A grande mídia, a exemplo do que fez ontem "O Estadão", está disseminando a ideia de que os juízes e procuradores do trabalho serão responsáveis pela não aplicação da Lei 13.467/17 e que isso irá certamente promover o caos nas relações materiais e processuais do trabalho. O argumento é de que um movimento de boicote, de espectro revanchista, anima esses “operadores do direito". Esse argumento não é apenas falso, é perverso. Distorce a realidade de que a Lei 13.467 não promove uma simples reforma legislativa. Altera mais de cem artigos da CLT, contendo em si disposições contraditórias, como aquela do art. 611-A quando afirma que a negociação coletiva sobre jornada deve observar os limites constitucionais. Ou quando o 611-B diz que são infensas à negociação coletiva normas de proteção à segurança e saúde do trabalhador, para em seguida afirmar que regras sobre jornada não dizem com segurança ou saúde no ambiente de trabalho.
Estamos diante de um projeto de promoção do caos nas relações de trabalho, em âmbito material e processual, cujo objetivo final parece cada vez mais revelar-se no horizonte como uma expectativa, traduzida pelas vozes que imputam agora aos juízes e procuradores a responsabilidade pelo final já anunciado, de extinção da Justiça do Trabalho.
O mais triste é que a própria magistratura, em certa medida, acaba aceitando essa linha de argumentação, e se apressa em manifestar sua intenção de não aplicar o Direito do Trabalho e aplicar a lei sem qualquer esforço interpretativo, acolhendo a sua lógica intrínseca de precarização, mesmo dizendo que o farão à luz da Constituição, do sistema jurídico trabalhista e das Convenções da OIT.
Trata-se de uma disputa de discurso, que disfarça o que realmente está em jogo.
A 13.467/17, mal redigida, atécnica, contrária à noção de proteção que justifica a existência do Direito e do Processo do Trabalho, não é uma legislação trabalhista. Não está afinada com a razão histórica e jurídica pela qual existe um ramo próprio do direito para cuidar das relações de trabalho. Não está afinada com a missão constitucional de reduzir desigualdades, promover o bem comum, respeitar e assegurar a dignidade humana e o valor social do trabalho. Não encontra espaço no ambiente internacional que reafirma, em todas as normas que edita, a necessidade de progressividade de proteção social, sob pena de autofagia do próprio sistema capitalista de produção.

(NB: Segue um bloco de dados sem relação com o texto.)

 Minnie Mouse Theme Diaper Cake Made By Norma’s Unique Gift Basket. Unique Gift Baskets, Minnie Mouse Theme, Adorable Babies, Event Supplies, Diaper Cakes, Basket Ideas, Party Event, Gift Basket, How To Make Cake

É preciso ter a coragem de afirmar que os juízes ou procuradores do trabalho que negam integralmente a aplicação dessa excrescência que é a Lei 13.467 o fazem exatamente porque ao assumirem seu mister, fizeram o juramento de cumprir a Constituição. O fazem, porque reconhecem o caráter destrutivo dessa legislação mesquinha, produzida por um setor específico do capital, que está de costas para a realidade das relações sociais no Brasil. O fazem, porque não há como seguir acreditando em uma sociedade menos injusta, menos concentradora de renda, se aceitarmos transformar a legislação trabalhista em um conjunto de regras de proteção ao grande capital. O fazem, porque haverá extrema dificuldade, mesmo da perspectiva estritamente jurídica, na compatibilização dessas regras com normas que não foram alteradas e que constituem a espinha dorsal da regulação jurídica da relação entre capital e trabalho, tal como os conceitos de relação de emprego, empregado, empregador, subordinação, salário mínimo, tempo à disposição, acesso à justiça, gratuidade, etc.

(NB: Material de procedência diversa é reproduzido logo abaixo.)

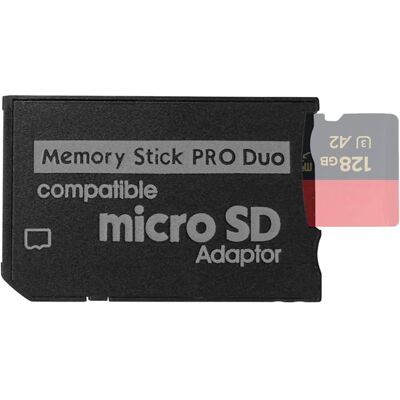 QUMOX Adaptateur Micro SD vers Memory Stick Pro Duo Compatible PSP 1000/2000/3000 Appareil Photo Sony Handycam – Jusquà 128 Go - Publicité QUMOX Adaptateur Micro SD vers Memory Stick Pro Duo Compatible PSP 1000/2000/3000 Appareil Photo Sony Handycam – Jusquà 128 Go - Publicité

Esse discurso dos setores econômicos favorecidos pela “reforma”, reproduzido pelo editorial do Estadão, pretende atribuir a responsabilidade pelo desmanche, àqueles que, de forma devida, com responsabilidade e por dever funcionam, resistem. Por isso mesmo, é um discurso perverso.

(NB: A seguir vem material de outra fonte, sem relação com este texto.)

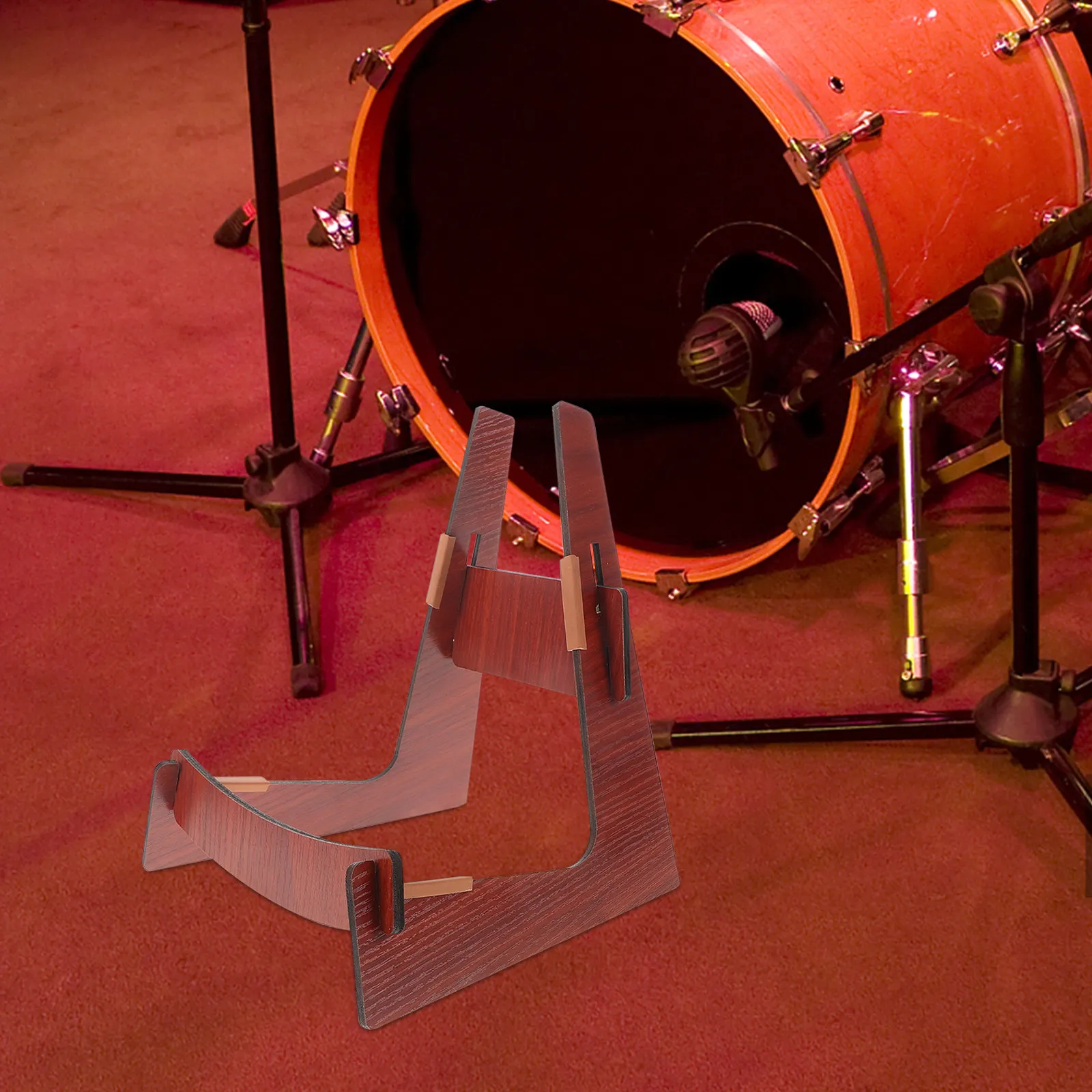 Solid Wood Guitar Stand for Acoustic Electric Bass Ukulele Violin – L-Shaped Floor Mount Portable Disassemblable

A impossibilidade de aplicação da lei não decorre da má vontade, do boicote ou de revanchismo dos juízes ou procuradores, mas sim de sua completa incompatibilidade com o estágio atual de desenvolvimento da própria noção de civilidade, de humanidade. Sua não aplicação decorre de todo o retrocesso que a lei estimula, de sua desconexão completa com toda a luta social que permitiu, historicamente, as limitações ao tempo de trabalho e o reconhecimento da necessidade de um adequado acesso à justiça. A lei não será aplicada porque não é trabalhista, nem da perspectiva jurídico-liberal, nem da perspectiva humanista.
Haverá resistência, porque sem ela em breve não teremos sequer Direito do Trabalho e, catapultados de volta para a realidade do século XVIII, teremos que amargar décadas de produção de miséria, até conseguirmos voltar ao estágio atual, cujas conquistas - poucas, diga-se de passagem - constituem condição de possibilidade de uma vida minimamente boa para todos.